### How to complete this task
What you produce should be the lines from the line containing "Wielophanging rechts-achter Volkswagen" through the last line below, both ends included, reproduced exactly and without pictures.

### The data
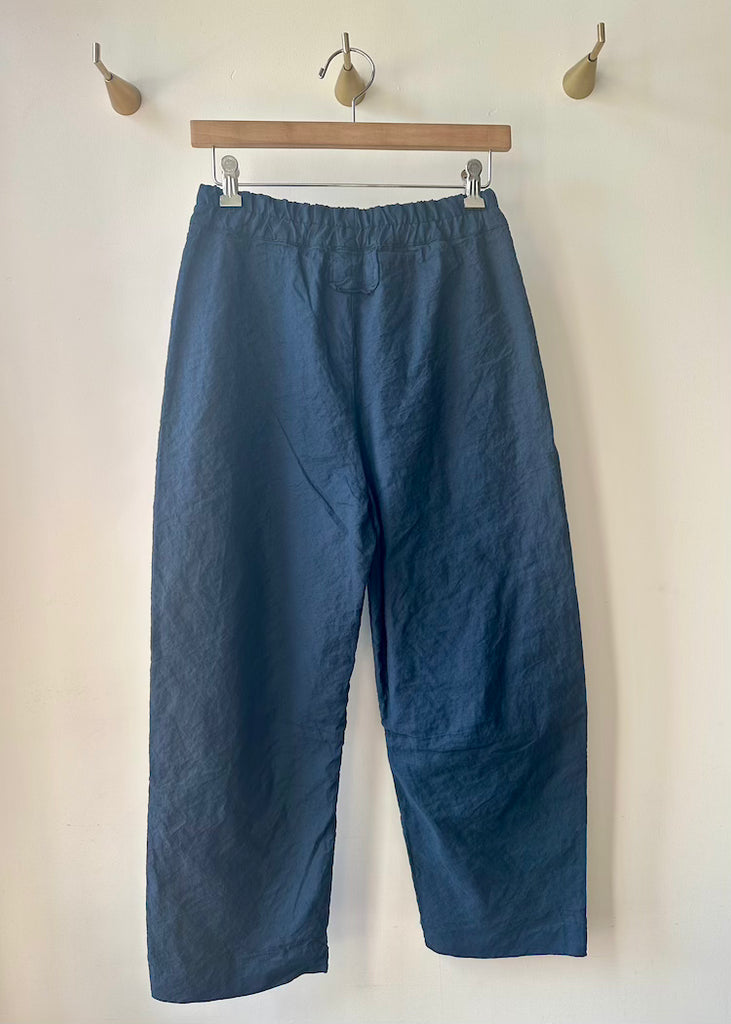 Aequamente | Pants Binox | Abisso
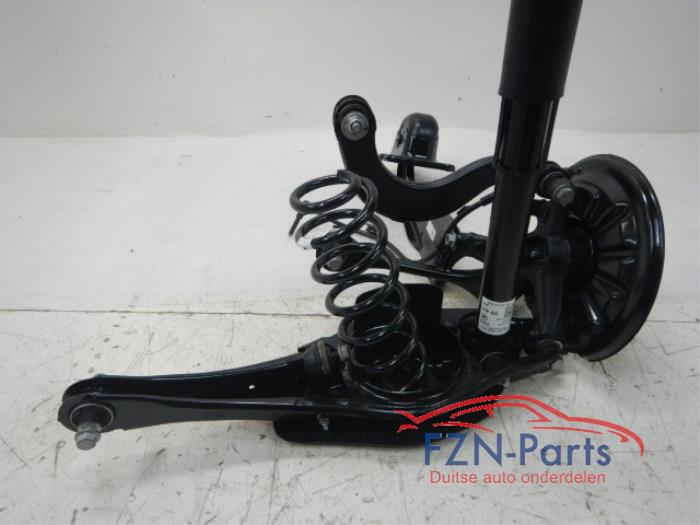 Wielophanging rechts-achter Volkswagen Golf (22729615)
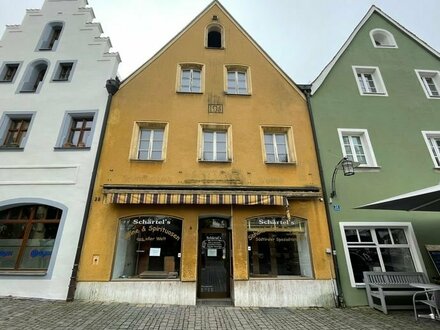 Historisches Juwel in der Altstadt - Renovierungsobjekt mit Geschichte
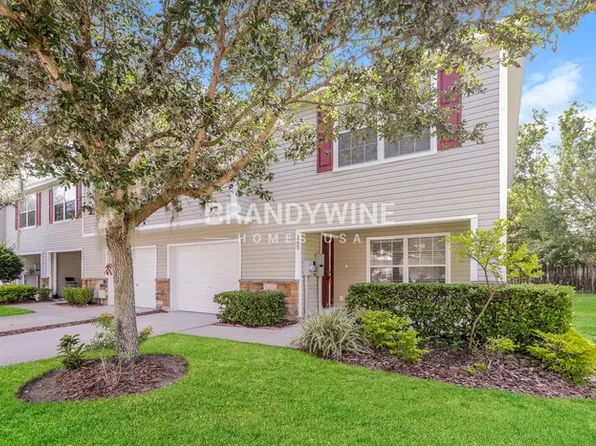 209 Woodknoll Pl, Valrico, FL 33594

### Task output
 Wielophanging rechts-achter Volkswagen Golf (22729615)
 Historisches Juwel in der Altstadt - Renovierungsobjekt mit Geschichte
 209 Woodknoll Pl, Valrico, FL 33594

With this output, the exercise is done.